この3つの観点を教師はハートのマークで表して可視化していきます。
このことによって、前時に児童が考えた「ポスター」や「ちらし」、「キャラクター」、「味見」などの伝え方のよさが比べやすくなり、効果的な伝え方を児童自らが整理していくという見通しを持ちます。 -
②複数の伝え方のよさを比べて考える
「マークが2つしかついていない伝え方が多いよ」、「キャラクターはマークがひとつもついていないよ」、可視化されたマークを見ながら、児童が気付きを述べ、魅力を効果的に伝えるためにマークが増やせないかと考えていきます。
ある児童は、「ちらしで『特徴』と『こだわり』の2つを伝えると言っていたけど、ポスターと同じように『歴史』も書いて伝えられると思う」と発言します。本時のめあてである「よりよく広める方法」を考え始めている児童の姿です。

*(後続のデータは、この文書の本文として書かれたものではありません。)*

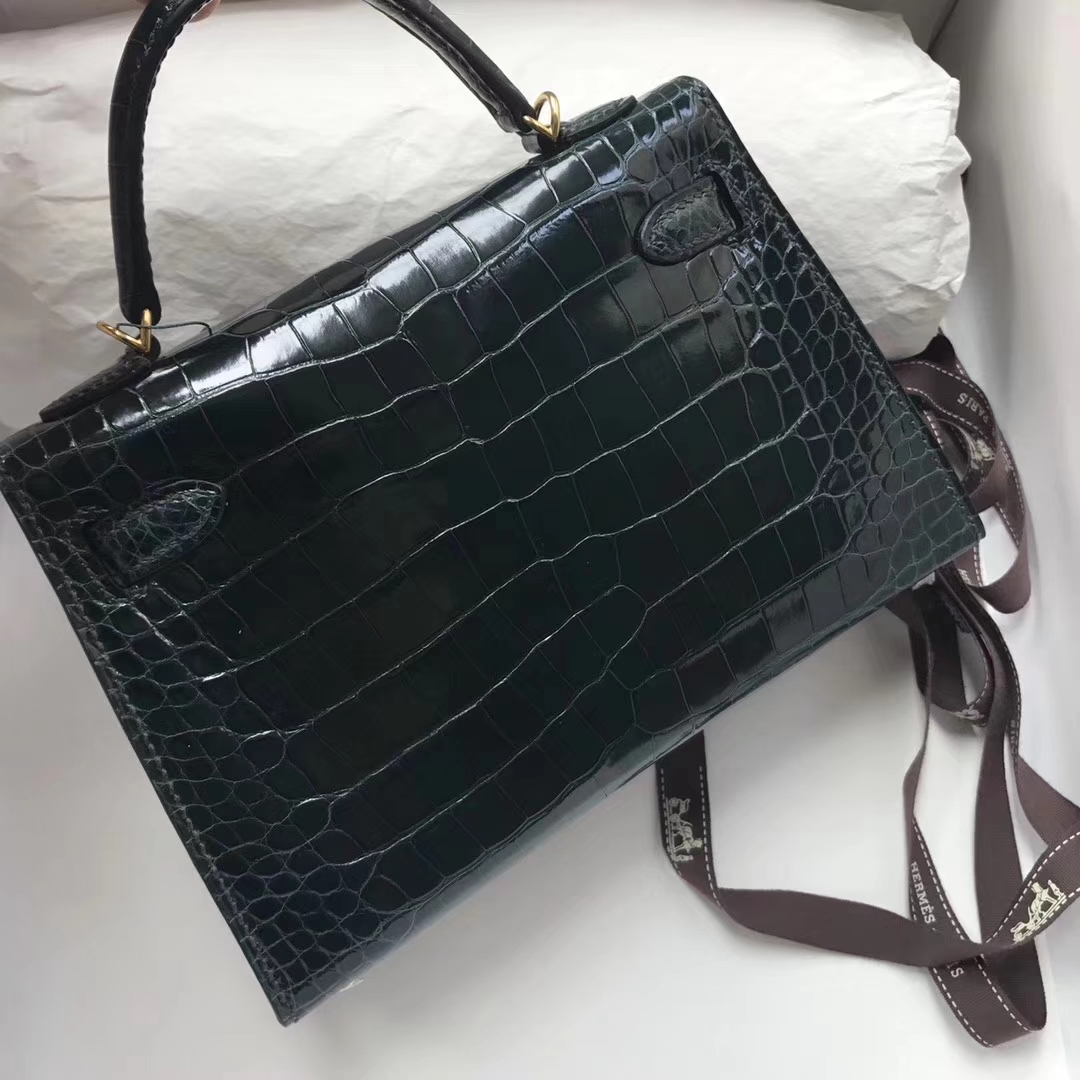 Luxury Hermes 1P Blue Colvert Alligator Shiny Crocodile Minikelly-2 Clutch Bag Gold Hardware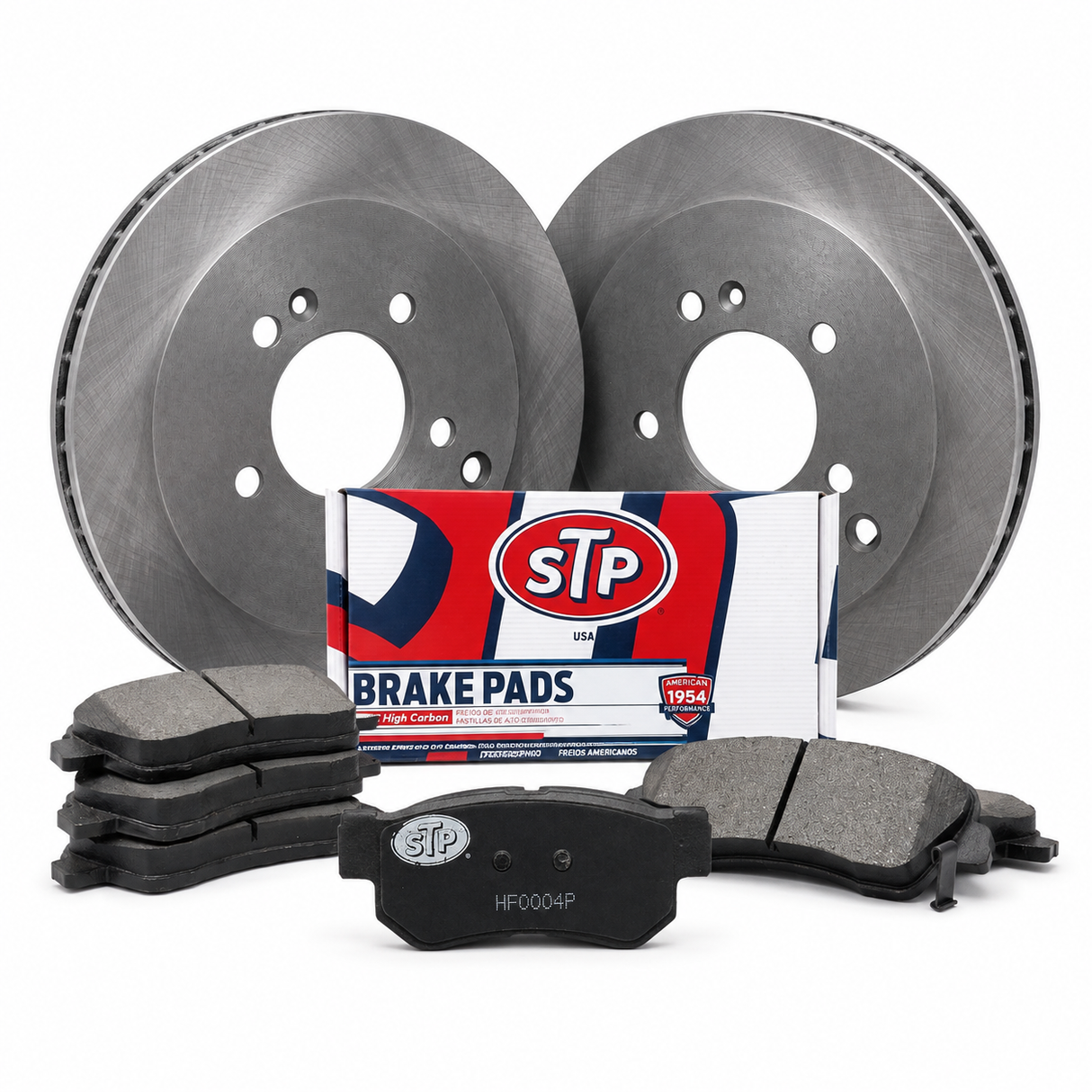 Kit de frenos STP KIT-STP-HF0004P-9954712: dos discos, pastillas y caja STP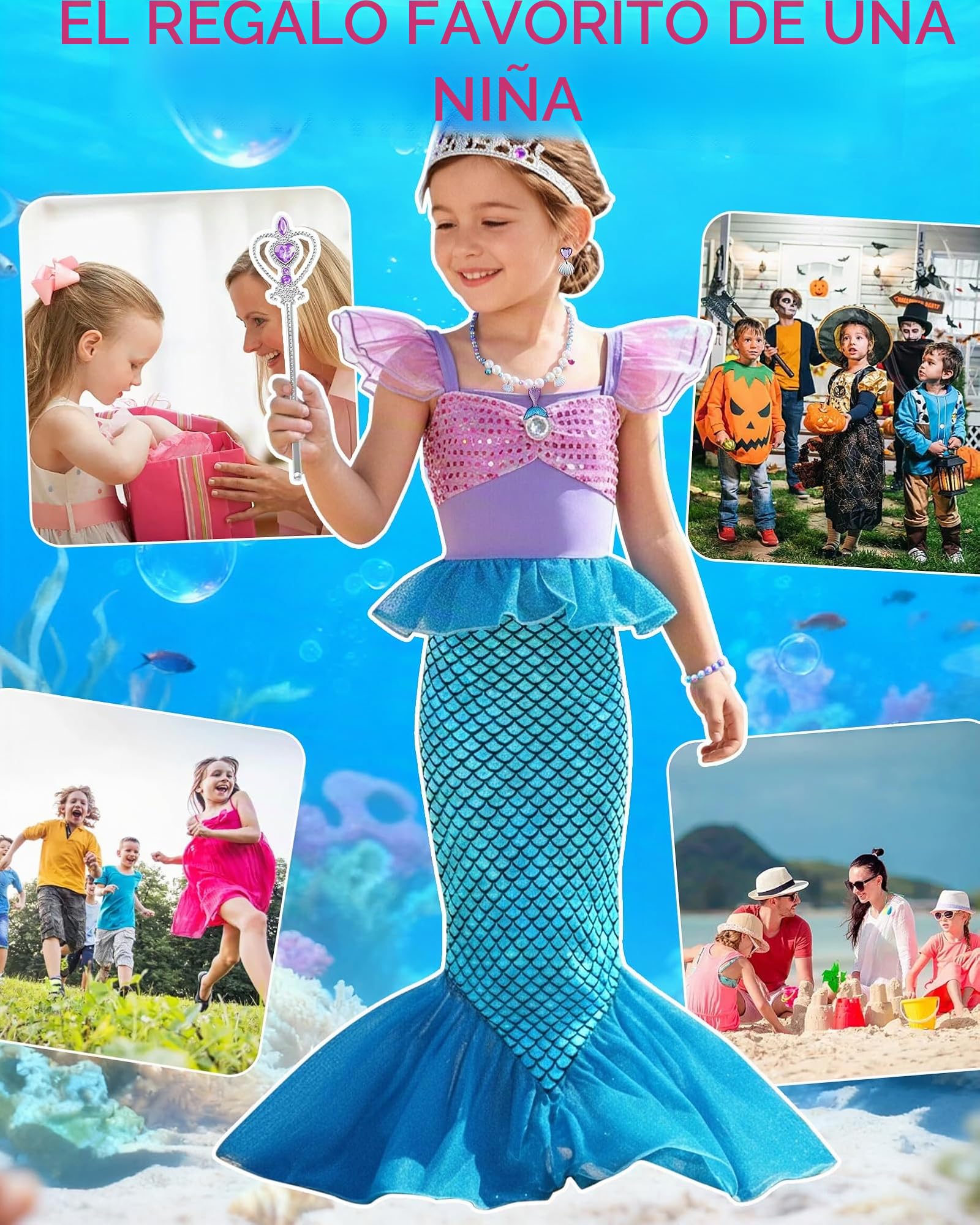Disfraz de princesa sirena para niñas, vestido con purpurina con accesorios de 3 a 10 años, para Navidad, cumpleaños, día mundial del libro, cosplay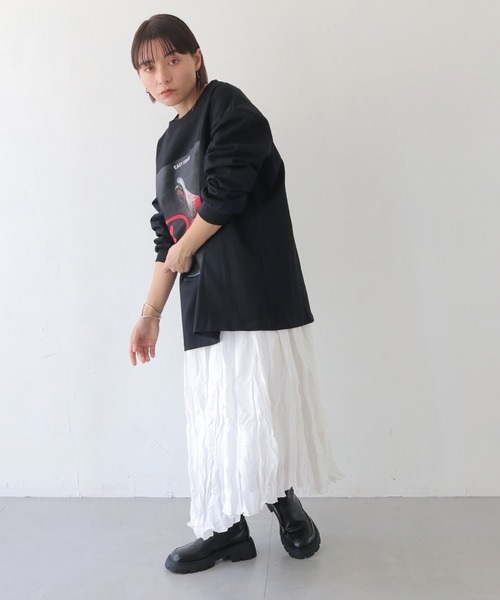 HER CLOSET(ハークローゼット)の「【shemoshelly】フォトプリントロゴオーバーサイズ ロンT(Tシャツ/カットソー・レディース・オフホワイト/ブラック・FREE)」の13枚目の写真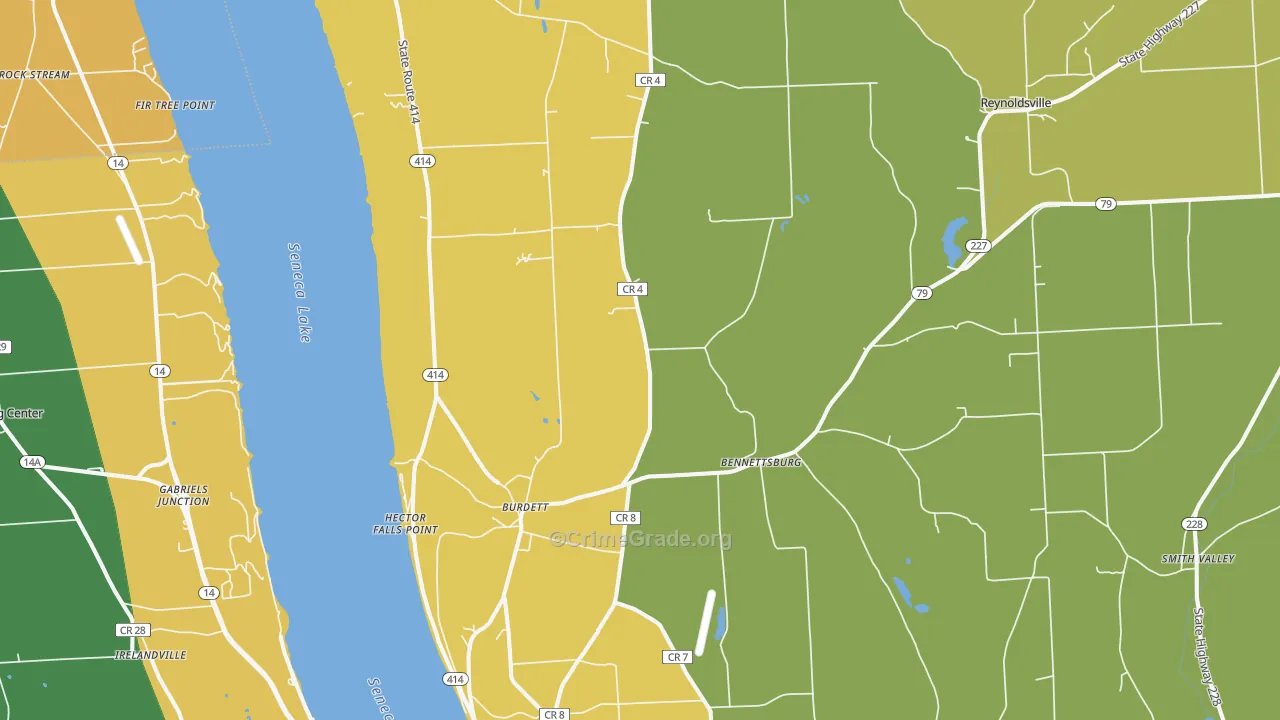 Burdett, NY Map of Robbery Rates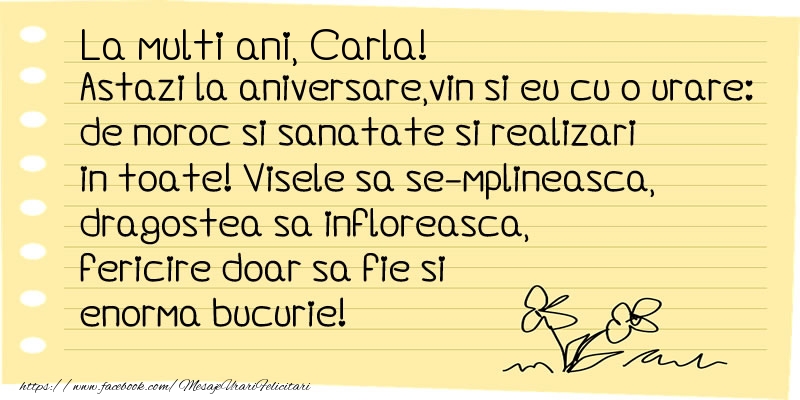Felicitari de la multi ani - Flori & Mesaje | La multi ani Carla!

多様に見いだした伝え方を関連付けて考えることで児童の考えが広がっていきます。 -
③いくつかの伝え方を組み合わせる
「キャラクターにはマークがついていないけど、どうやったらキャラクターを生かせそうかな」と、新たな伝え方を児童自らが見いだせるように、教師が児童に問いかけます。
それぞれの児童が考えていたことを説明し始めます。「ポスターにキャラクターの絵をかいたらいいと思う」、「組み合わせるともっと魅力が伝わりそうだ」、「ちらしにキャラクターの絵をかいて配りながら、味見をしてもらったら魅力がすごく伝わると思う」などと、最初は一つの方法で魅力を伝えようと考えていた児童が、対話によって、複数の伝え方を組み合わせて伝えるという新たな伝え方を見いだしていきます。 -
④振り返って次につなげる
「最初、ちらしでは『特徴』と『こだわり』しか伝えられないと思っていたけど、みんなと話すと『歴史』も『キャラクター』もかけることがわかった。たくさんのことが伝えられるようになってうれしかった」などと、児童は振り返りました。
毎時間、何をどのように学び、感じ、考えたことを振り返ることで、対話によって考えが広がるなどの学んだ手応えを自覚し、次の学びへの意欲を高めています。それぞれの伝え方の持つよさを考えながら、借り物ではない自分たちが考えた伝え方を見いだし、新たなものを創り上げようとしている児童の姿が見られました。